En 2025, las tasas de pobreza en Puerto Rico siguen siendo alarmantes. Un análisis reciente reveló que el 39.2% de las mujeres y el 33.4% de los hombres mayores de 25 años viven en condiciones de pobreza. La educación juega un papel crucial en esta disparidad: las mujeres con menos de cuarto año de escolaridad enfrentan una tasa de pobreza del 65%, mientras que aquellas con un bachillerato o más tienen una tasa significativamente menor, del 18%1.

La crítica hacia las políticas gubernamentales en Puerto Rico señala que muchas decisiones benefician a las élites económicas mientras despojan a las clases trabajadoras de derechos adquiridos. Recortes en derechos laborales y privatización de servicios esenciales son ejemplos de cómo las políticas pueden exacerbar la pobreza.

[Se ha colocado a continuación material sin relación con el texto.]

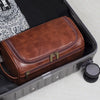 A brown leather toiletry bag with brass hardware is shown inside a gray case.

Enmiendas recientes a la Ley de Seguridad de Empleo buscan fortalecer la fiscalización de beneficios de desempleo, pero también incluyen sanciones severas que podrían afectar a los más vulnerables. Estas medidas, aunque necesarias para combatir el fraude, pueden tener consecuencias negativas para quienes ya enfrentan dificultades económicas.

En el ámbito internacional, países como Brasil han implementado programas de transferencia directa de ingresos, como Bolsa Familia, que han demostrado ser efectivos para reducir la pobreza extrema. Instituciones globales como la ONU también trabajan en estrategias integrales que incluyen acceso universal a la salud y educación.

Ser pobre es vivir en un estado de incertidumbre perpetua, donde cada día es una batalla por satisfacer necesidades básicas. Es enfrentar barreras invisibles que limitan el acceso a oportunidades y perpetúan ciclos de desigualdad. La pobreza no solo afecta al individuo, sino que debilita a toda la sociedad, erosionando la cohesión social y frenando el progreso colectivo.

La pobreza no debería ser un tema de moda en años electorales, sino una prioridad constante para quienes tienen el poder de cambiar realidades. Pero se necesita una solidaridad, empatía y una sensibilidad que brilló por su ausencia en el más reciente apagón general.